=== Begin Enclosure ===

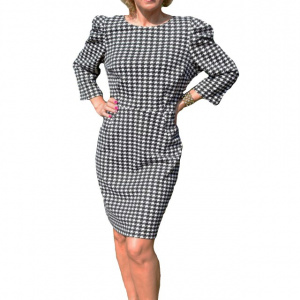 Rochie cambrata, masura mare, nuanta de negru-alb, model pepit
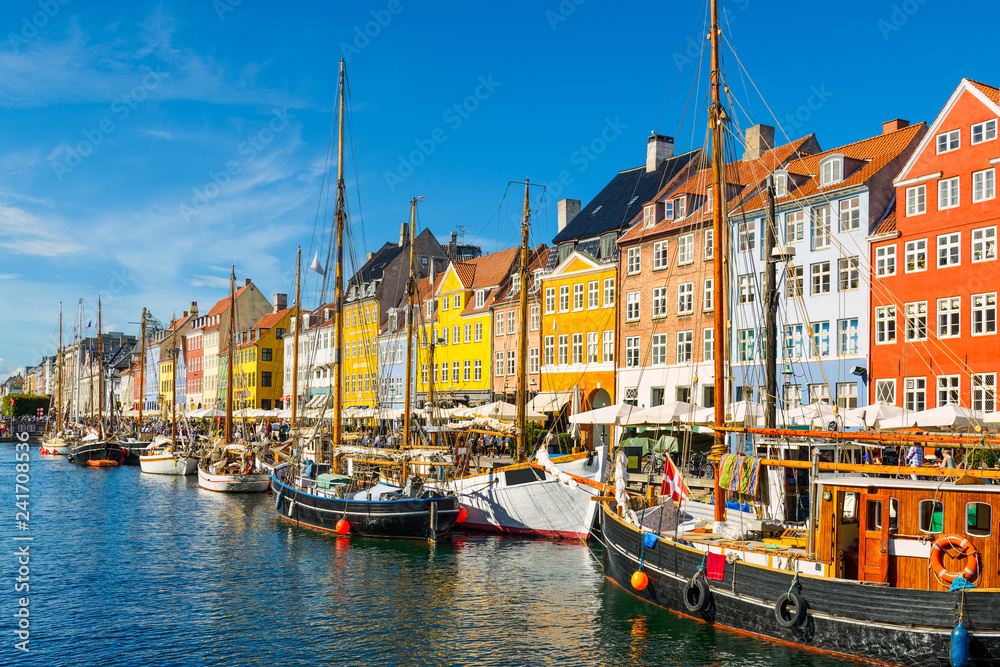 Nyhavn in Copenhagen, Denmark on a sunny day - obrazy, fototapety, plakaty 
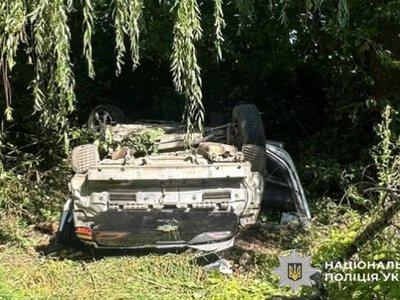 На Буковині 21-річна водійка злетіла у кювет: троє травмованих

=== End Enclosure ===
=== Begin Enclosure ===

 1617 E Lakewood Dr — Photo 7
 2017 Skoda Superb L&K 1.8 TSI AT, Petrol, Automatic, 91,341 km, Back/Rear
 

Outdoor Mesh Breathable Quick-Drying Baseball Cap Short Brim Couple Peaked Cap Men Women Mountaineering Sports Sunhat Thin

=== End Enclosure ===

• **Work to be completed**: In the data above, which lines lie between the line with "2017 Skoda Superb" and the line with "Outdoor Mesh Breathable", inclusive? Print those lines exactly and nothing else.

• **Exercise response**:
 2017 Skoda Superb L&K 1.8 TSI AT, Petrol, Automatic, 91,341 km, Back/Rear
 

Outdoor Mesh Breathable Quick-Drying Baseball Cap Short Brim Couple Peaked Cap Men Women Mountaineering Sports Sunhat Thin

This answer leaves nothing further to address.